If any other logs would be helpful let me know.


Sure I should read the question more careful :)

999.000231 [4026] netmap_transmit           igb1 drop mbuf that needs checksum offload

disabled hw offload - now all back to normal.

Try turning off Unbound statistics/loggin if you have them enabled:
https://forum.opnsense.org/index.php?topic=32331.msg156261#msg156261

I've disabled it and my CPU appears to have returned to normal after a reboot.
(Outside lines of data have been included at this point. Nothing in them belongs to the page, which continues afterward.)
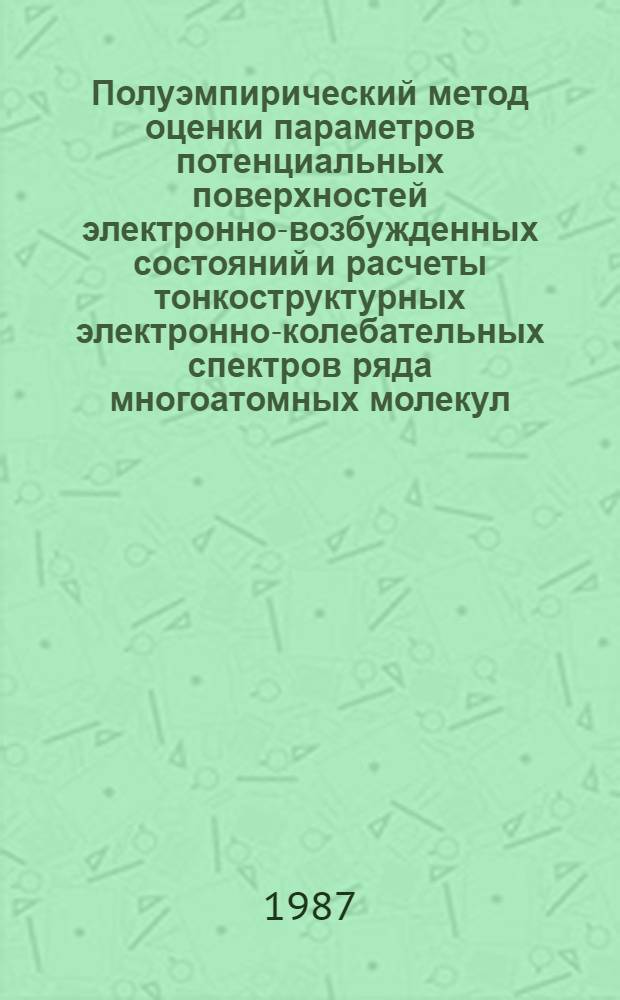 Полуэмпирический метод оценки параметров потенциальных поверхностей электронно-возбужденных состояний и расчеты тонкоструктурных электронно-колебательных спектров ряда многоатомных молекул : Автореф. дис. на соиск. учен. степ. канд. физ.-мат. наук : (01.04.05)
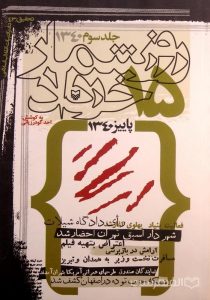 روزشمار 15 خرداد (جلد سوم پاییز 1340)
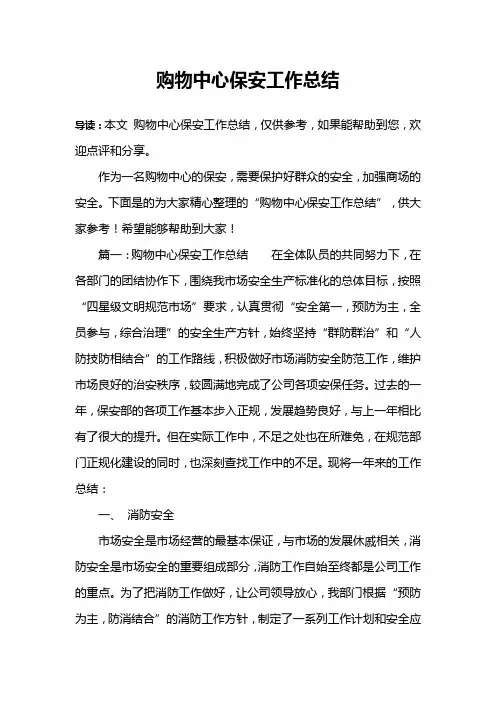 购物中心保安工作总结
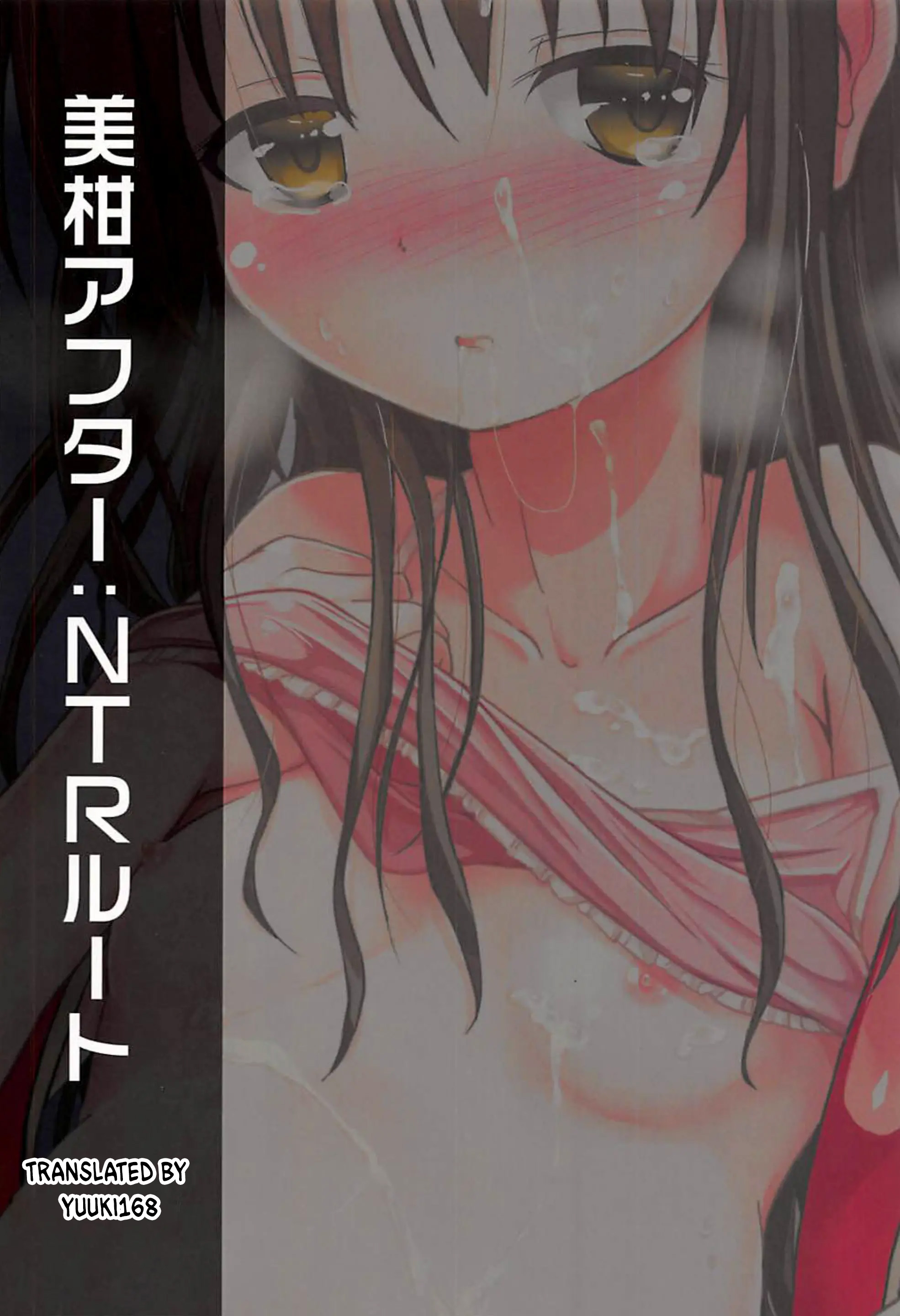 HentaiVN.net - Ảnh 37 - Mikan After: NTR Route - Chap 1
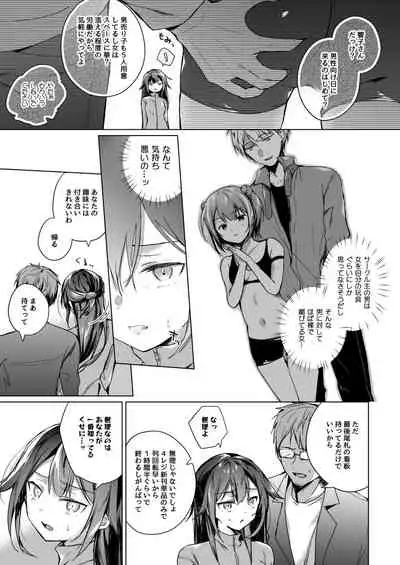 Doujin Event no Shucchou Henshuubu ni Itta Hi kara Tsuma no Yousu ga... 2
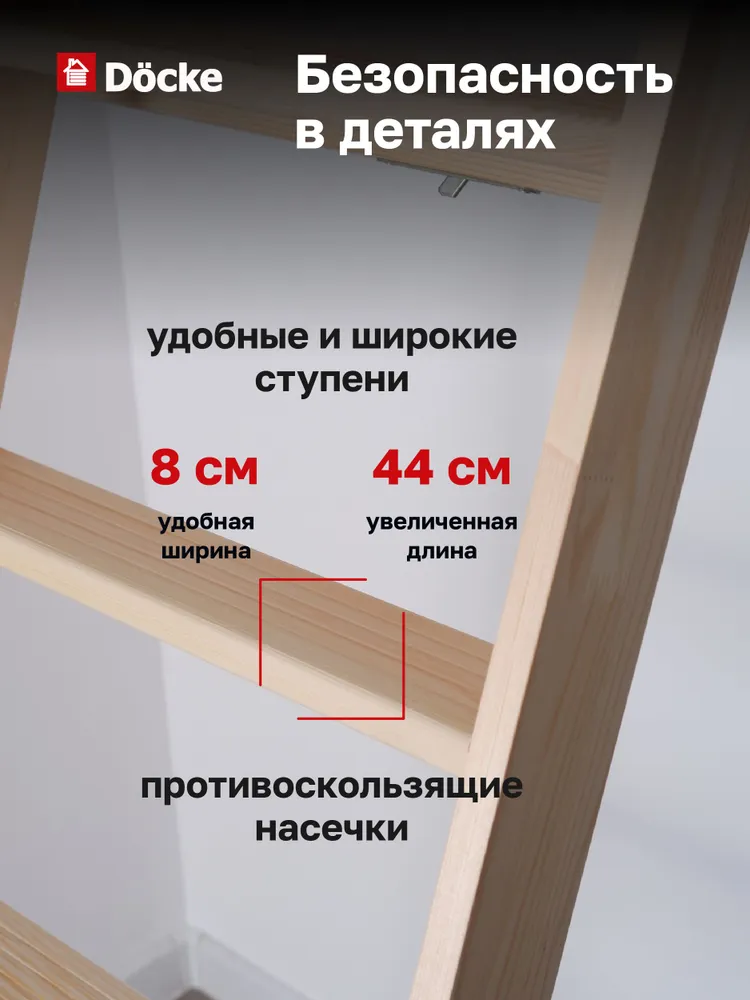 Чердачная лестница Premium Termo Long 70x120x363 детальное фото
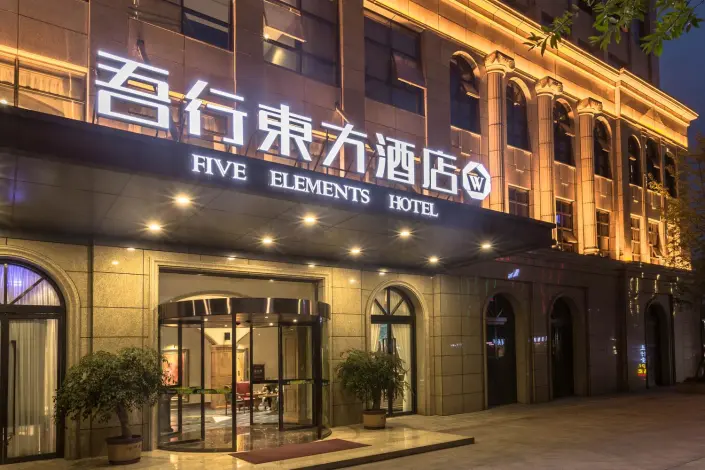 四川吾行東方酒店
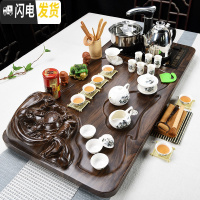三维工匠功夫茶具套装简约家用整套陶瓷茶杯茶海全自动茶台茶道实木茶盘 20立体佛+山水+黑色送桶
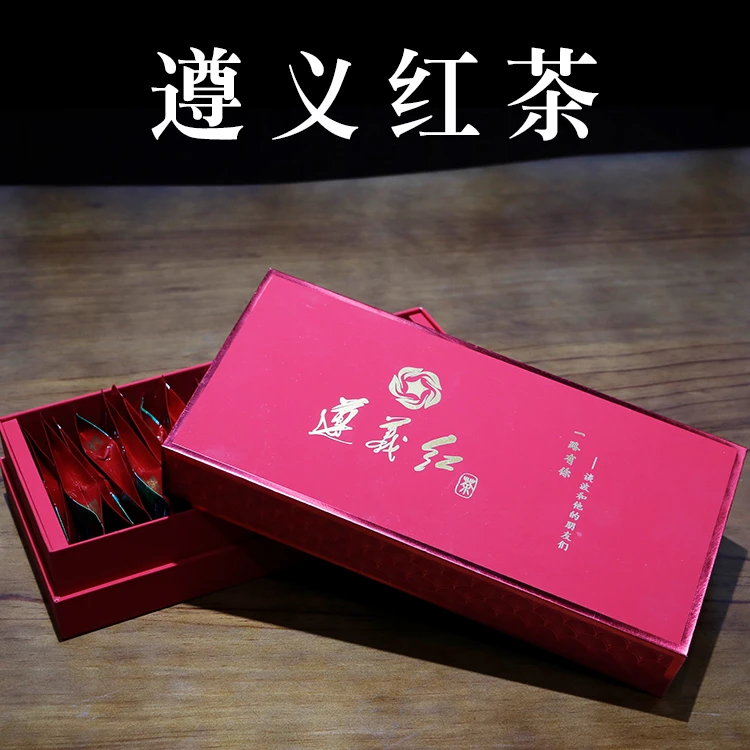 遵义红茶一路有你(谈波和他的朋友们专享）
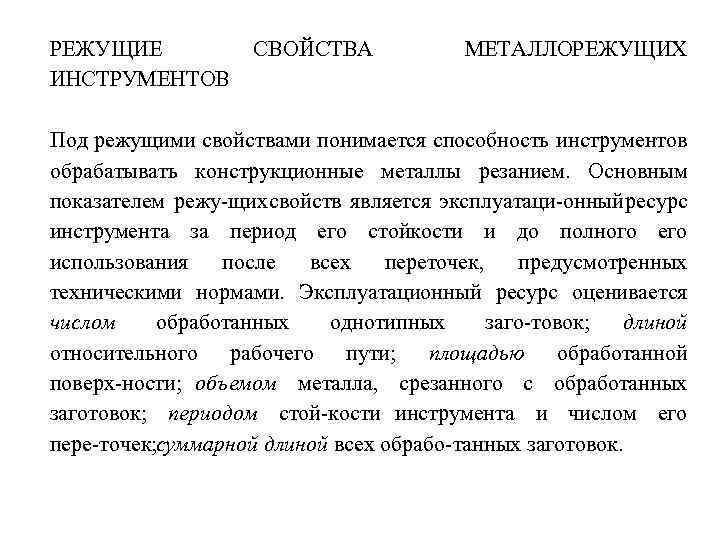 РЕЖУЩИЕ ИНСТРУМЕНТОВ СВОЙСТВА МЕТАЛЛОРЕЖУЩИХ Под режущими свойствами понимается способность инструментов обрабатывать конструкционные металлы резанием.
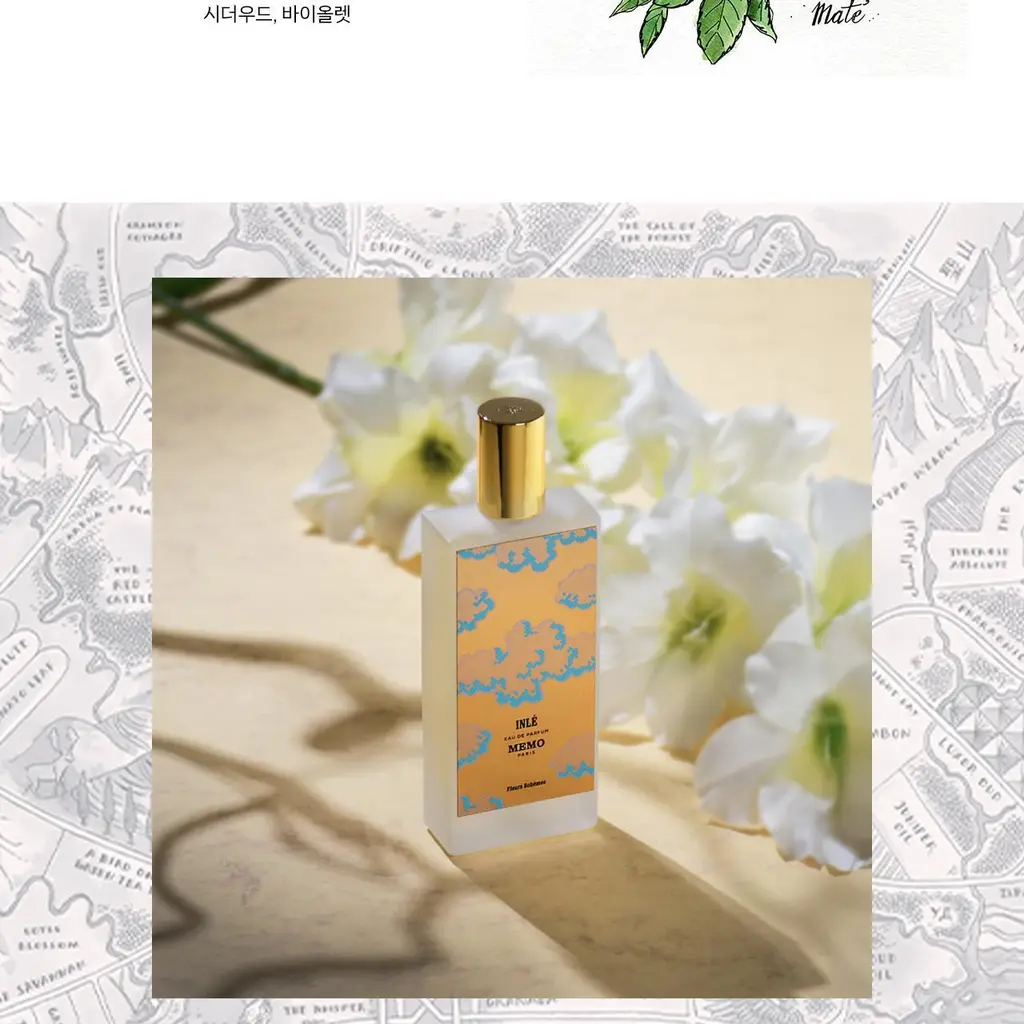 메모 인레 오드퍼퓸 (30ml / 75ml) 상세페이지 3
February 06, 2023, 01:09:05 PM #6 Last Edit: February 06, 2023, 01:11:45 PM by endurance
Thanks for the link - that might help in some cases. In mine it was def. caused by network card hw offload. Either this setting was lost while upgrade or the new version now needs it.

Meanwhile I also upgraded my main OPNFirewall (there hw offload was already disabled) and both are working without any issues including unbound stats and report graphs on.
I like the new graph and will now also use unbound for visualizing adblocks etc. for this (I used a dockerized adguard before).